Requirement: From the data below, retype exactly the lines starting with the one that contains "Nissan Juke 1.0" and ending with the one that contains "1 St Ives Way, Onkaparinga Hills SA 5163", both included.

The data:
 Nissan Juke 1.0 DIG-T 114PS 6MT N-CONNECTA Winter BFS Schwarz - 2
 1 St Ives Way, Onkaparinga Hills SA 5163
---
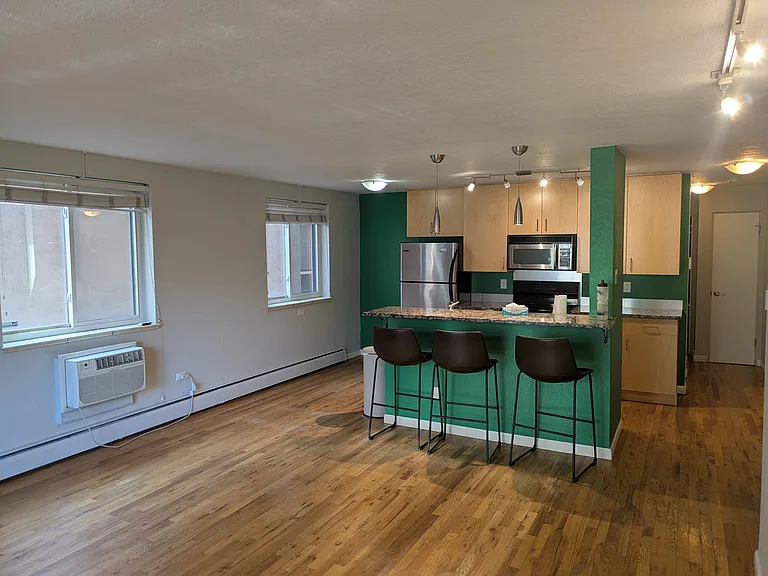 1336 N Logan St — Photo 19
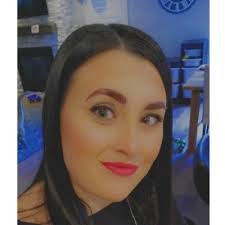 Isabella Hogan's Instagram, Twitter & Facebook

Task output:
 Nissan Juke 1.0 DIG-T 114PS 6MT N-CONNECTA Winter BFS Schwarz - 2
 1 St Ives Way, Onkaparinga Hills SA 5163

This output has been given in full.